A collision between the private cruiser Merinda and the Sydney HarbourCat Pam Burridge, which occurred on 28 March 2007 near the Sydney Harbour Bridge, claimed the lives of four members of Australia's ice skating elite, and injured two other people. The skaters were on board the nine-metre motor cruiser Merinda to celebrate the national team's performance at 2009 World Figure Skating Championships.

==Description==

Fourteen-year-old Morgan Innes, who had won the 2006 Queensland Intermediate Ladies Championship and was placed seventh at the 2006 Australian Championships in the novice ladies division, was killed along with ice skating judges Simone Moore and Alan Blinn, and 45-year-old Sydney man James Engert. They were on a sightseeing trip on the Merinda when the cabin cruiser collided with the Sydney Ferries Harbour Cat Pam Burridge just before 11 pm. Also injured in the crash was Innes's coach Liz Cain who represented Australia in the 1980 Winter Olympic Games; Cain's leg had to be amputated. Innes's body was missing for five days before it was discovered on 2 April by a police dive team 200 metres from the crash site.

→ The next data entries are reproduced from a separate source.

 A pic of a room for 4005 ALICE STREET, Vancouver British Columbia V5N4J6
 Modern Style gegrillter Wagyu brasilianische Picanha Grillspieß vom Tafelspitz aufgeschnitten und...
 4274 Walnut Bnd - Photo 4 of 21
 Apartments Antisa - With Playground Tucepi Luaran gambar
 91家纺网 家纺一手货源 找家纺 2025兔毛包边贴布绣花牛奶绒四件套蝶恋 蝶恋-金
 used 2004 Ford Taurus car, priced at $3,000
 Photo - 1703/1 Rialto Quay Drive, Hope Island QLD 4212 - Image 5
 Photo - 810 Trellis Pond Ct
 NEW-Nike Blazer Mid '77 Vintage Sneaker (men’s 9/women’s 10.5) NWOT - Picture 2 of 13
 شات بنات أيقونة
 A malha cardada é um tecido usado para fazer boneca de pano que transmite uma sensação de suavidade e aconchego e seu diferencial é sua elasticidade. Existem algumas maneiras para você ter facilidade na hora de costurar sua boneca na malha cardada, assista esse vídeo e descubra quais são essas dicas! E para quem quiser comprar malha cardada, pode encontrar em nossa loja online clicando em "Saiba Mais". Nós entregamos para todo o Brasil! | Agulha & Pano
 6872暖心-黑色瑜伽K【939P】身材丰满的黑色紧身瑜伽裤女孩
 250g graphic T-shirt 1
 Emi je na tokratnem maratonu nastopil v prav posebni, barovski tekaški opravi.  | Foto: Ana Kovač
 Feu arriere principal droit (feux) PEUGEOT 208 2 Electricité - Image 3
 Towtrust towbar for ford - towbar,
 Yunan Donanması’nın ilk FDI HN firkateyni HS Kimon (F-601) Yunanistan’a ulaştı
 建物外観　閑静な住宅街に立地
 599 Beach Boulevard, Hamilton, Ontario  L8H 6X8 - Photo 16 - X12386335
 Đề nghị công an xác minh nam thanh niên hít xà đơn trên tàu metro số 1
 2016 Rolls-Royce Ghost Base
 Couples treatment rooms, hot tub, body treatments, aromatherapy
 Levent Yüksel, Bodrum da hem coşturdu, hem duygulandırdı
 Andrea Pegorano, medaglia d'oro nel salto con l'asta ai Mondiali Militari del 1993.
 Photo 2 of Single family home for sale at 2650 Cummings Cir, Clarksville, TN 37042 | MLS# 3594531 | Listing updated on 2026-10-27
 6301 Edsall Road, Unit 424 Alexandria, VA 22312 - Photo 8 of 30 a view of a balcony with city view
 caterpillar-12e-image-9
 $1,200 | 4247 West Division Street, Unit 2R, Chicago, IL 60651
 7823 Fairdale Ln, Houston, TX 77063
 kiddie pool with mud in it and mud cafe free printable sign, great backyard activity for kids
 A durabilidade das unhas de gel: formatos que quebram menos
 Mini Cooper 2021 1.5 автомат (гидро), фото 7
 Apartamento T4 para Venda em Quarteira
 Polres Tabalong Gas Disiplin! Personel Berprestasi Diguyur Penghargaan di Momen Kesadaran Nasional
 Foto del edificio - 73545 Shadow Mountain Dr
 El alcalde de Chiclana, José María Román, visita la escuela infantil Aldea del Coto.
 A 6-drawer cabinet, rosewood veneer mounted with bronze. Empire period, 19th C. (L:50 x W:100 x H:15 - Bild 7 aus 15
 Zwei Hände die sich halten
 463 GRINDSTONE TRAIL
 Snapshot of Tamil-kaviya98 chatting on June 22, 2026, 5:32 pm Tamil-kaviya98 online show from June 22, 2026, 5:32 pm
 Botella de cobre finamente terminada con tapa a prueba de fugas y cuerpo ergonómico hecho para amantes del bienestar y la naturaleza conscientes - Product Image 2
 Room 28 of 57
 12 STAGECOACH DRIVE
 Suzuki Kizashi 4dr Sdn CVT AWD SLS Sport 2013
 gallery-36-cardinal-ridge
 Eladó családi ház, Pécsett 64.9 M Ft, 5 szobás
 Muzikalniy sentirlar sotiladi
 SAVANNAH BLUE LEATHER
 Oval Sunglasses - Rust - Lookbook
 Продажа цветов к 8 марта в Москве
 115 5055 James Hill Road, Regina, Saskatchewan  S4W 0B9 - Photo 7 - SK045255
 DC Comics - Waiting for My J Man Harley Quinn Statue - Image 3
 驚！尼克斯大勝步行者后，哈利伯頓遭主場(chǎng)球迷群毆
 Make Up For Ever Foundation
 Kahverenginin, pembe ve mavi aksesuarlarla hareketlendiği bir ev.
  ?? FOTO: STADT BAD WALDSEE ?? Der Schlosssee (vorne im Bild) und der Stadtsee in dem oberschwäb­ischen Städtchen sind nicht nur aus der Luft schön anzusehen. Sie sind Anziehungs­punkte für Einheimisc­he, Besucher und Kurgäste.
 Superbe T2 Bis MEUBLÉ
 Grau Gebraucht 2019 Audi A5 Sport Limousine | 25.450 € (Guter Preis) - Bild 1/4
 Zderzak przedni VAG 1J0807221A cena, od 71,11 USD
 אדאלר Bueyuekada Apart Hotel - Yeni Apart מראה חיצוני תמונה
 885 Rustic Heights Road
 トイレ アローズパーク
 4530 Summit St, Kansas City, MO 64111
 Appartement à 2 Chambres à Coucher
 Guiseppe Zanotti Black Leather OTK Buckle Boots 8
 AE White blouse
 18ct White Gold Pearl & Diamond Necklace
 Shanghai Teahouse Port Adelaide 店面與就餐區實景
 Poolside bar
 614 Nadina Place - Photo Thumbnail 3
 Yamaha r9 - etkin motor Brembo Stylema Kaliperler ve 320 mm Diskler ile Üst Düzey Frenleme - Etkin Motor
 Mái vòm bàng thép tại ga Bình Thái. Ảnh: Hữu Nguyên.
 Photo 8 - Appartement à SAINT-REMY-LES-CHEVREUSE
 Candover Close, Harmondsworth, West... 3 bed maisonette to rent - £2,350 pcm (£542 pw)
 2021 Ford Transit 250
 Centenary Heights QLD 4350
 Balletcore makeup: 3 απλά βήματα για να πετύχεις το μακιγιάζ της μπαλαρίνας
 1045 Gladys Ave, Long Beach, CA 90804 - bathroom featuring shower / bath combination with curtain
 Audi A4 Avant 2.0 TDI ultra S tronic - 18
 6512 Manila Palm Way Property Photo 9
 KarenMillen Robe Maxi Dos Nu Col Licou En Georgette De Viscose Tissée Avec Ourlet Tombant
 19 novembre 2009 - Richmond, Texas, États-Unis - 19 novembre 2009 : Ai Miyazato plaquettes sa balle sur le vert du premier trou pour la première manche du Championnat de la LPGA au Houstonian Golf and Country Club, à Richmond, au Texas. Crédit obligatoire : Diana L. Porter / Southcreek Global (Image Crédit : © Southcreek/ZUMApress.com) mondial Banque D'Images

In April 2007, Innes's parents established the Morgan Innes Foundation, which raises funds to help young ice skaters pursue their profession. In 2010, the International Olympic Committee banned the wearing of a yellow bracelet by Australian Olympic figure skater Cheltzie Lee to honour Innes, deeming the bracelet a sponsorship item. Lee had worn the bracelet since 2007 when she competed and trained, including international meets.